Front-end optimization:
1. Use cluster deployment for page servers
Share oneserverThe pressure of high concurrency will not all be requested to a server, causing excessive pressure to the server and causing crashes.
2. Use page static technology
Just put the pageGenerate static page.html for display, reduce database access, improve query efficiency, and improveUser ExperienceSpend.
3. Image server separation
Images are more resource-consuming. We need to separate the pictures and pages, store them in a separate picture server, and deploy the picture servers in clusters. This ensures that the server pressure of the page is reduced under high concurrency.
accelerate(Content Delivery Network-Content Distribution Network)
Speed up response speed (caches data to CDN servers.
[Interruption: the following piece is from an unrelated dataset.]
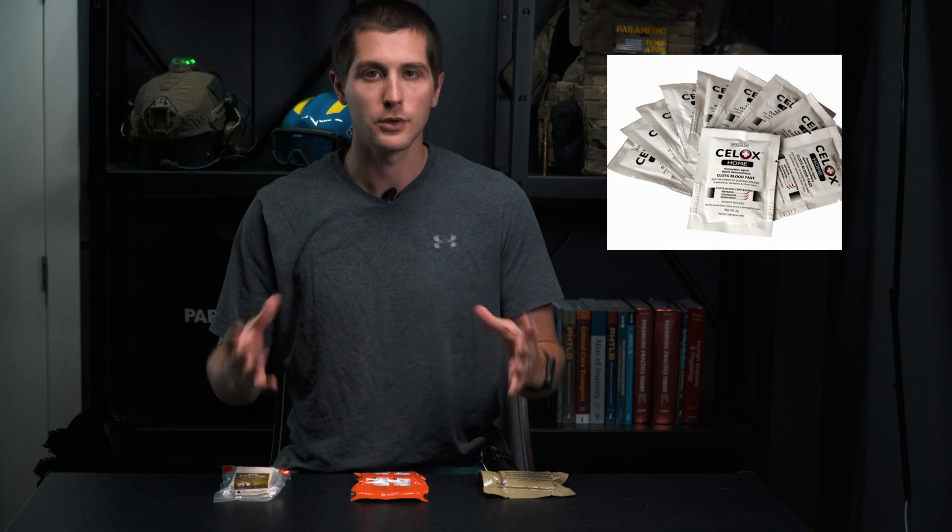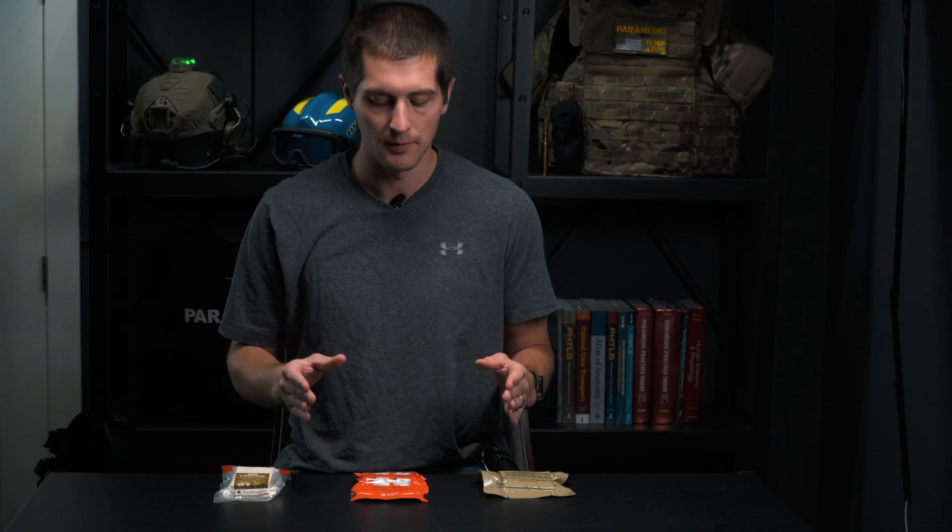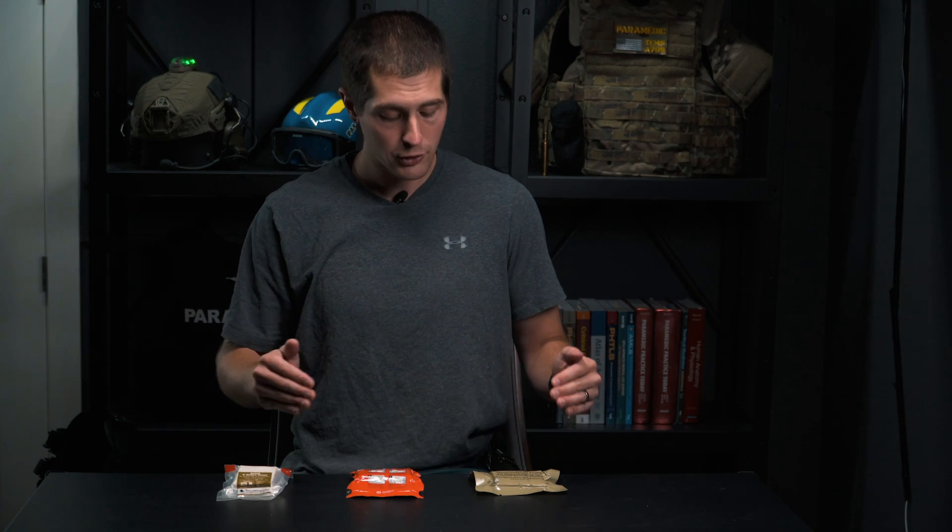There are some other items on the market — the most common one I see asked about in the comments is the granular powders. While they did use those in the military and they were approved for a short period of time, early generation powders caused an exothermic reaction that would actually burn patients when placed in the wound. They fixed that issue, but soldiers in the field found that on really deep and narrow lacerations with arterial bleeding, it was hard to get the powder all the way down to the wound site. And on windy days, the powder would blow out of the wound before they could even apply it — which is why we've moved to impregnated gauze with the material right on it.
CDN relies on servers deployed in various places to obtain data from CDN servers nearby through load balancing, content distribution, scheduling and other functions of the central platform to improve query efficiency)
5. Use lazy loading
Scrolling loadOr lazy loading does not mean loading the entire content of the page as soon as you enter the page.
6. Use verification code
makeFlow staggeredMinimize concurrency by means of other means(Sliding verification code is a common method)。
Backend optimization:
1. Load balancing + clustering
Use Nginx load balancing to distribute requests to the backend servers deployed by clusters;
2. Database optimization
Avoid select *
Create an index
Subdivides the database and divides the database according to the business module (the database is deployed on different servers), and subdivides the database according to business needs (vertical subdivides and horizontal subdivides).
Read and write separation, separate read operations and write operations, adopting the master-slave replication method, the master node is used for write operations, and the slave node is used for read operations.
3. Cache
Using caching technology (Redis, local cache, etc.) reduces access to databases and improves system query efficiency.
4. Asynchronous processing
Time-consuming operations are processed asynchronously to avoid blocking the main thread.
Message queue: Use message queue (e.g.RocketMQ, kafka), the time-consuming operations are processed asynchronously.
Asynchronous tasks: Use an asynchronous task framework (such as Spring's "@Asyn" annotation), which will take time to operate asynchronously,
5. Distributed architecture
Using a distributed architecture, a large monolithic application is split into multiple small, independent services to improve the scalability and availability of the system.
6. Concurrent control
Control concurrent requests to avoid system overload.
Token bucket algorithm: Use the token bucketalgorithmControl the request rate to avoid system overload.
Current limit: Use flow restriction tools (such asSentinel, Guava RateLimiter) controls the request rate.
7. Use thread pool
Use thread pools to avoid frequent creation and destruction of threads, and improve the system'sperformance。
8. Use distributed locks
AvoidDistributed SystemsAmong them, high concurrency scenarios lead to concurrency security problems and data inconsistency problems.